[[ The records open ]]

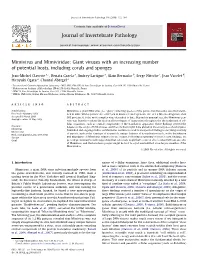 Mimivirus and Mimiviridae: Giant Viruses with an Increasing Number of Potential Hosts, Including Corals and Sponges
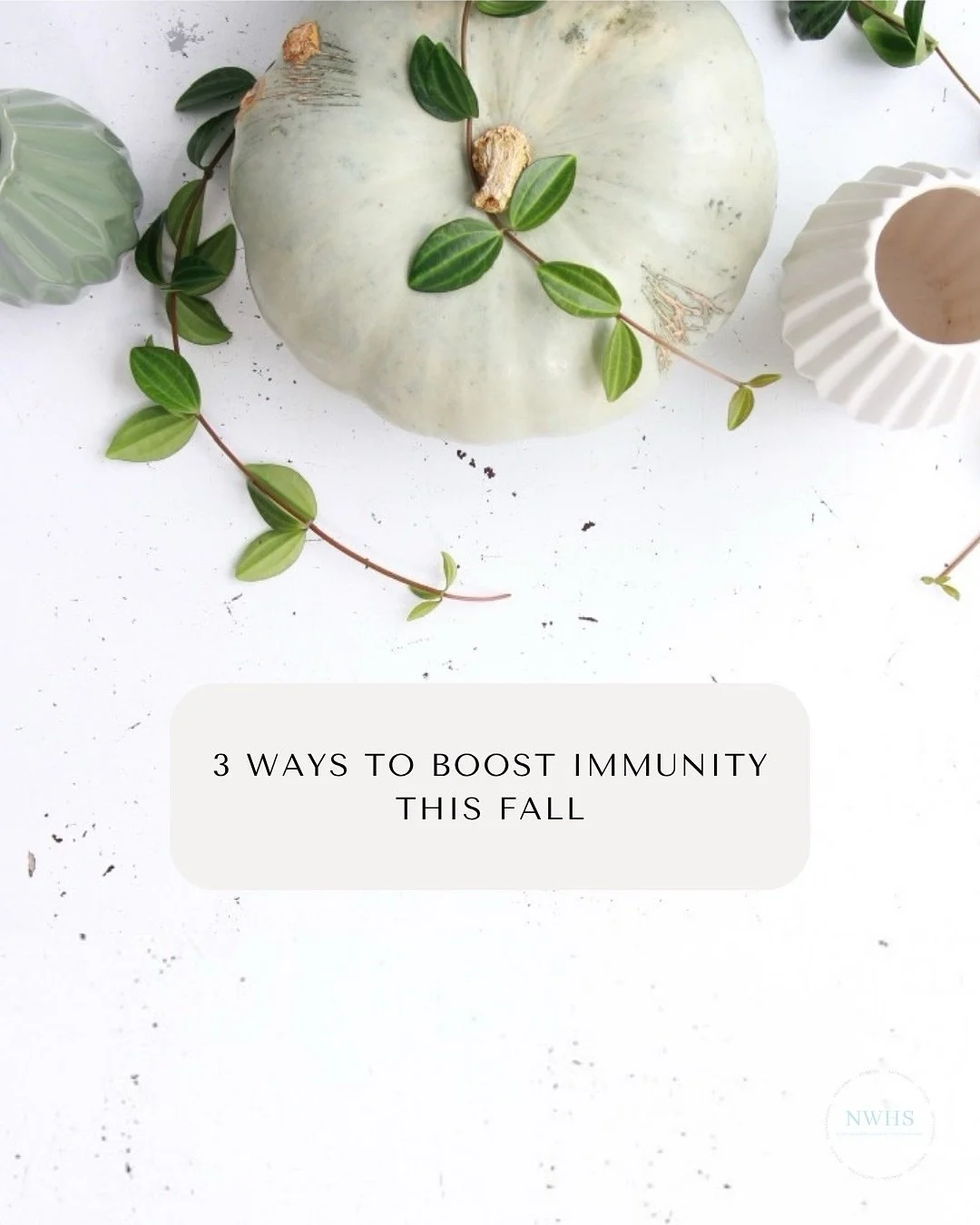 3 simple ways to boost your immunity this fall: 
1️⃣ Get your Vitamin D ☀️
2️⃣ Support your gut health 🌱
3️⃣ Try a Detox Foot Bath to gently flush out toxins and recharge your immune system 💧
At NWHS, we help your body work smarter, not harder &m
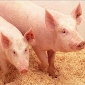 Pig Cells - A Cure for Diabetes?
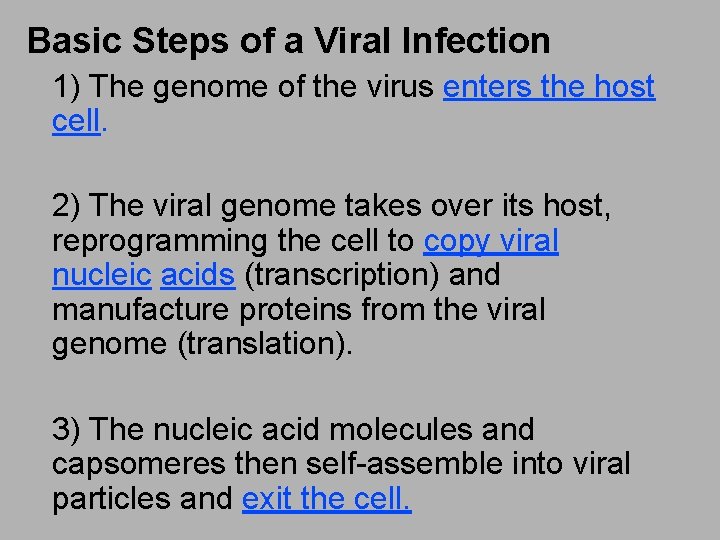 Basic Steps of a Viral Infection 1) The genome of the virus enters the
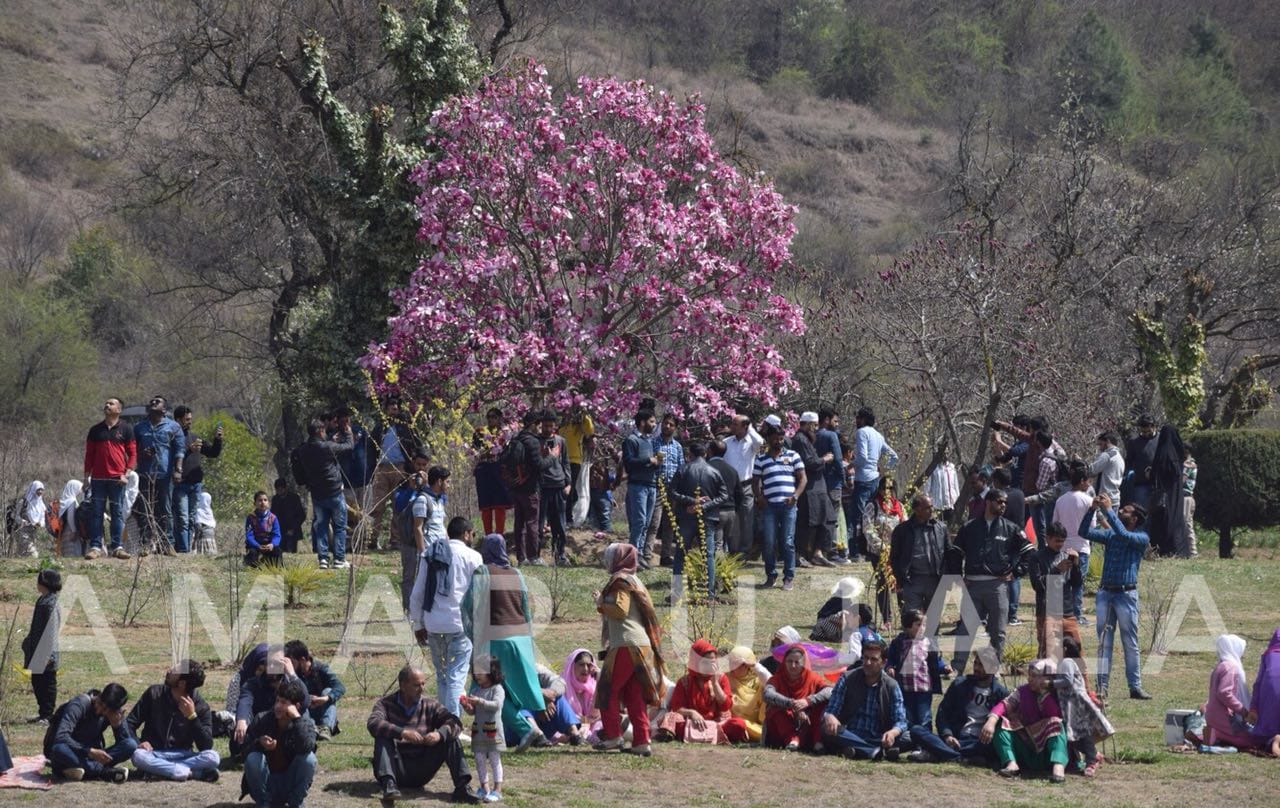 Doubt on opening of tulip garden due to corona virus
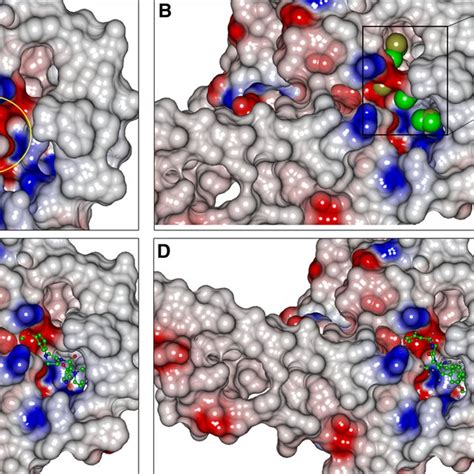 Tertiary Structure Of Smad4 Protein A Schematic Representation Of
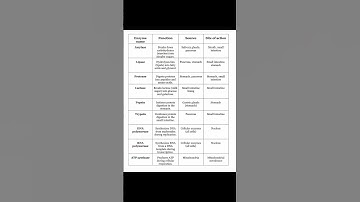 Amylase, lipase, protease, RNA polymerase |  characteristics of enzymes| classification of enzymes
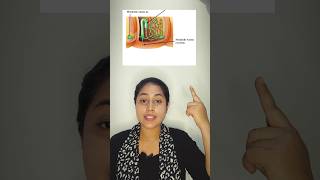 Excretion in Annelida eg Earthworm shorts annelida biologytutorial viral science biology [upl. by Ahsam588]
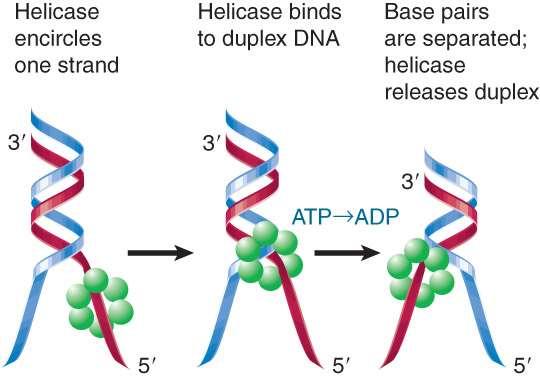 Replication Requires a Helicase and a Single-Strand Binding Protein Replication requires a helicase to separate the strands of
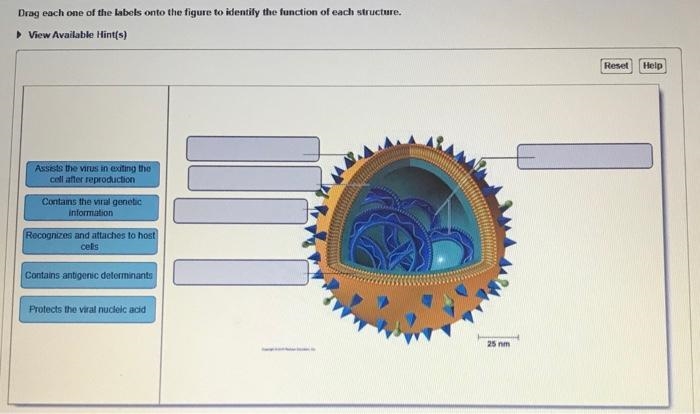 Recognizes and attaches to host cellsRecognizes and attaches to host cells Protects-example-1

[[ The records closed ]]

* What the task asks *
Verbatim copy with pictures excluded: write out the records above in full.

* Task response *
 Mimivirus and Mimiviridae: Giant Viruses with an Increasing Number of Potential Hosts, Including Corals and Sponges
 3 simple ways to boost your immunity this fall: 
1️⃣ Get your Vitamin D ☀️
2️⃣ Support your gut health 🌱
3️⃣ Try a Detox Foot Bath to gently flush out toxins and recharge your immune system 💧
At NWHS, we help your body work smarter, not harder &m
 Pig Cells - A Cure for Diabetes?
 Basic Steps of a Viral Infection 1) The genome of the virus enters the
 Doubt on opening of tulip garden due to corona virus
 Tertiary Structure Of Smad4 Protein A Schematic Representation Of
 Amylase, lipase, protease, RNA polymerase |  characteristics of enzymes| classification of enzymes
 Excretion in Annelida eg Earthworm shorts annelida biologytutorial viral science biology [upl. by Ahsam588]
 Replication Requires a Helicase and a Single-Strand Binding Protein Replication requires a helicase to separate the strands of
 Recognizes and attaches to host cellsRecognizes and attaches to host cells Protects-example-1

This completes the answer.